▼▼▼

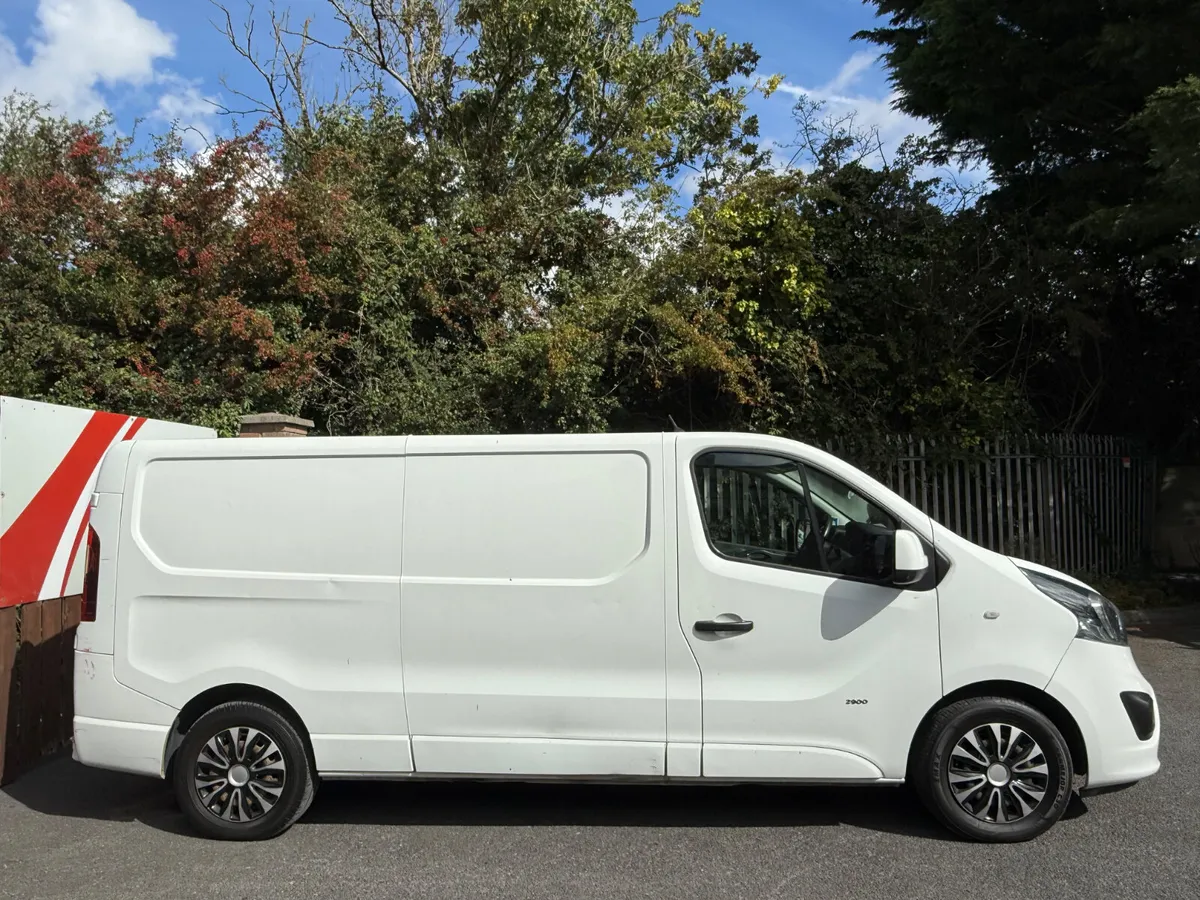2017 Opel Vivaro Clean VAN Low KM - Image 3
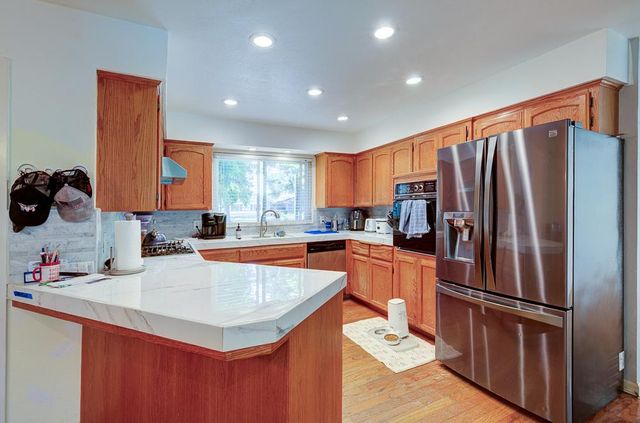 2147 Mitchell Avenue, Clovis, CA 93611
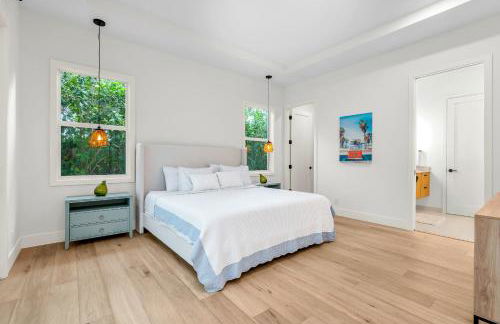 Spacious, Elegant 5 Bed, Best Pool, All New, Close to Beach and Atlantic Ave - Photo 5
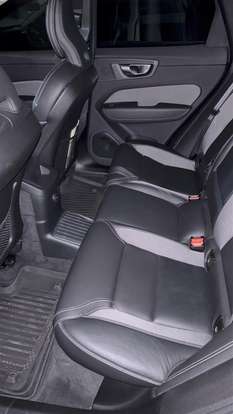 VOLVO-XC60-2023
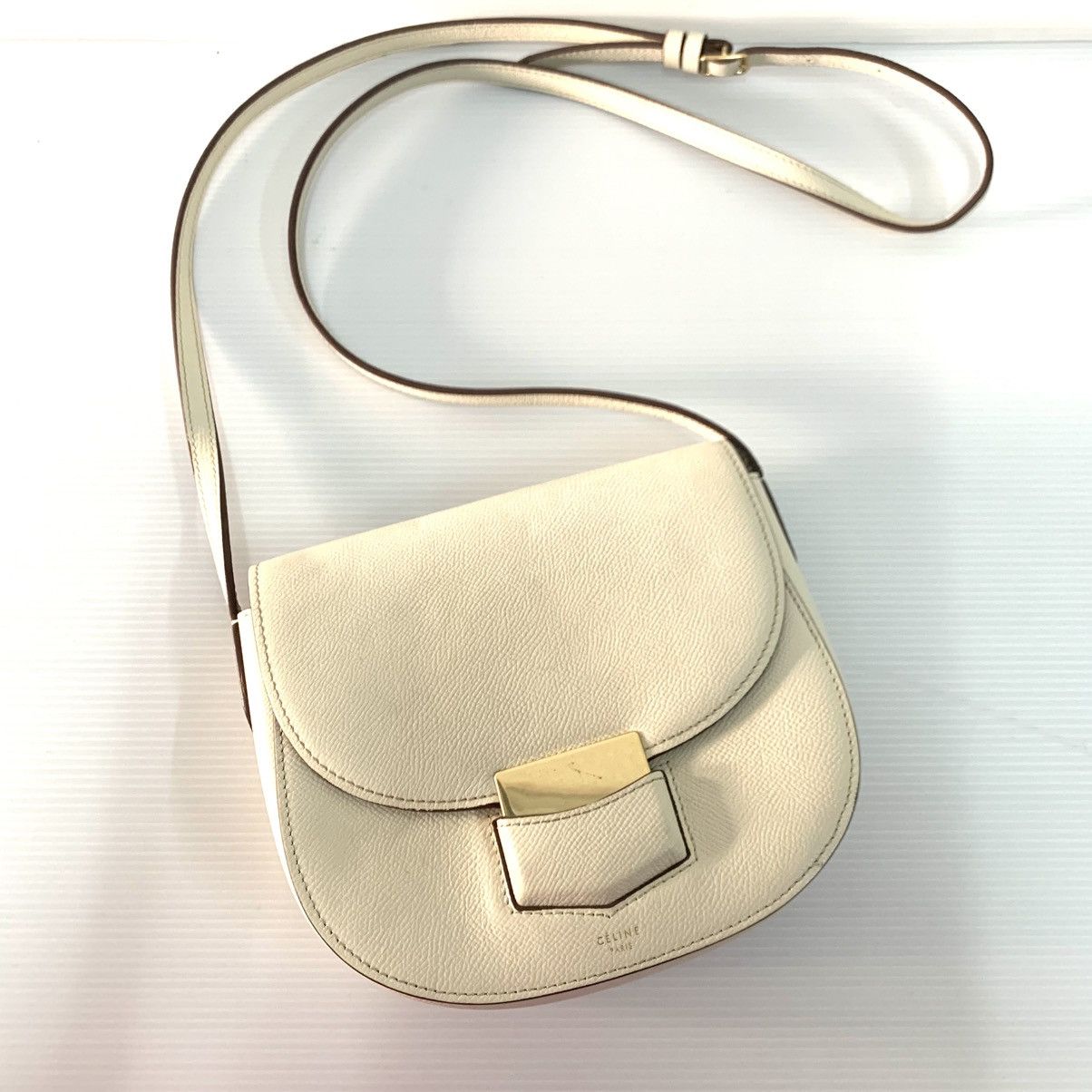 Celine Celine Leather Small Slingbag Size ONE SIZE - 1 Thumbnail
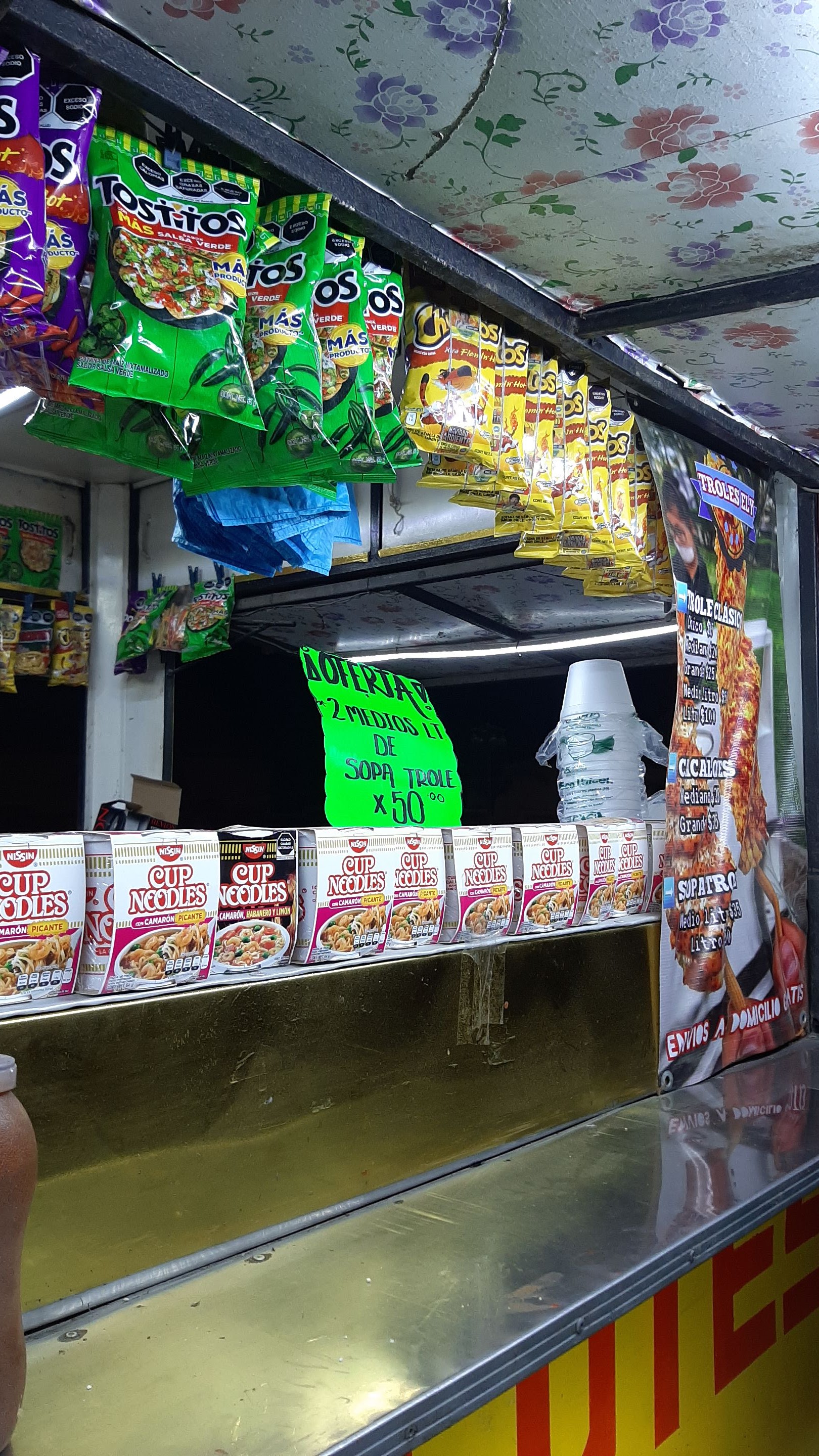 TROLES Y ELOTES "ELY" image 4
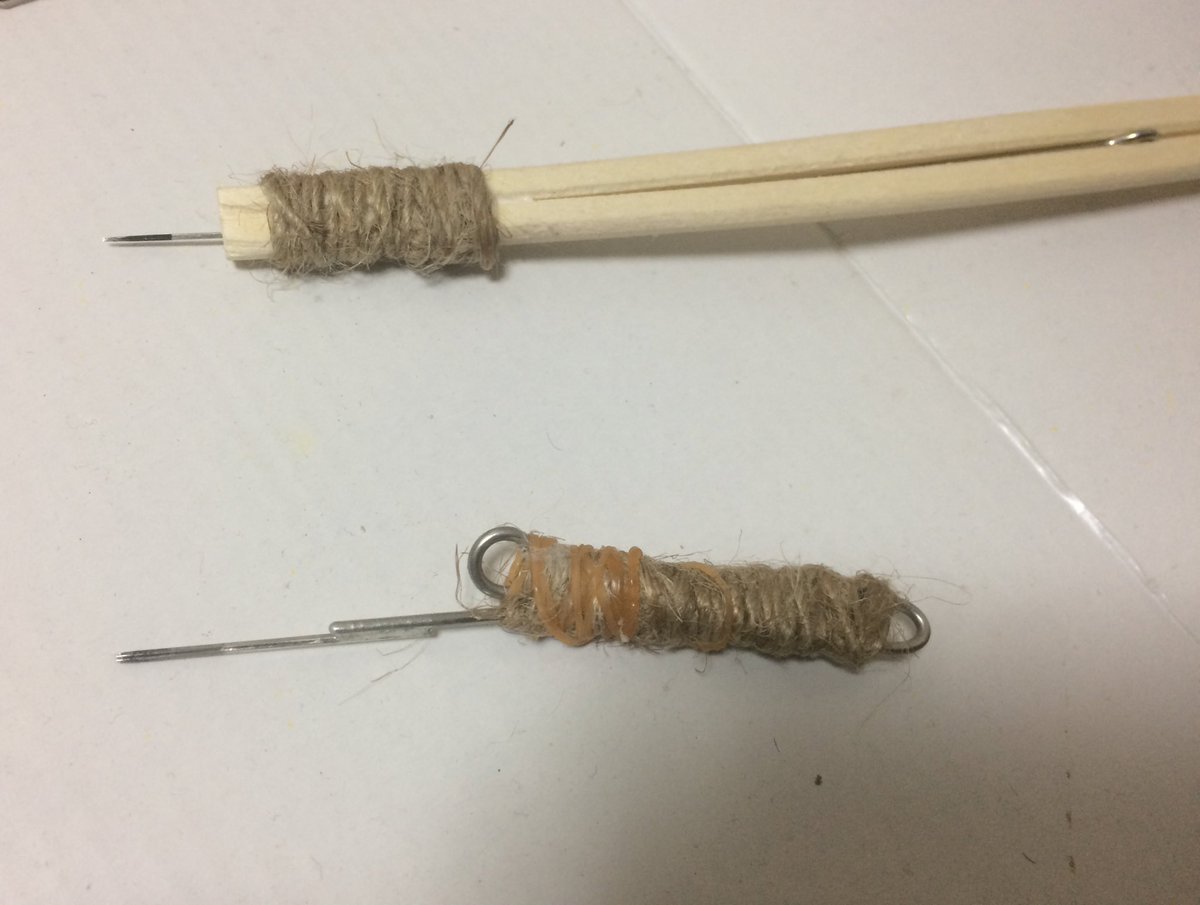 Diy Ink はじめまして 形式的には より原始的な手彫り ってイメージです これが針の試作ですね 日本でこのジャンルメインでやってはる人聞いたことないので海外の彫師の方のお写真借りますがこう言う感じのがハンドポークの良さを活かしたデザインかな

▲▲▲

## What to do
Each line of the data above must be repeated exactly, images excluded.

## Task response
2017 Opel Vivaro Clean VAN Low KM - Image 3
 2147 Mitchell Avenue, Clovis, CA 93611
 Spacious, Elegant 5 Bed, Best Pool, All New, Close to Beach and Atlantic Ave - Photo 5
 VOLVO-XC60-2023
 Celine Celine Leather Small Slingbag Size ONE SIZE - 1 Thumbnail
 TROLES Y ELOTES "ELY" image 4
 Diy Ink はじめまして 形式的には より原始的な手彫り ってイメージです これが針の試作ですね 日本でこのジャンルメインでやってはる人聞いたことないので海外の彫師の方のお写真借りますがこう言う感じのがハンドポークの良さを活かしたデザインかな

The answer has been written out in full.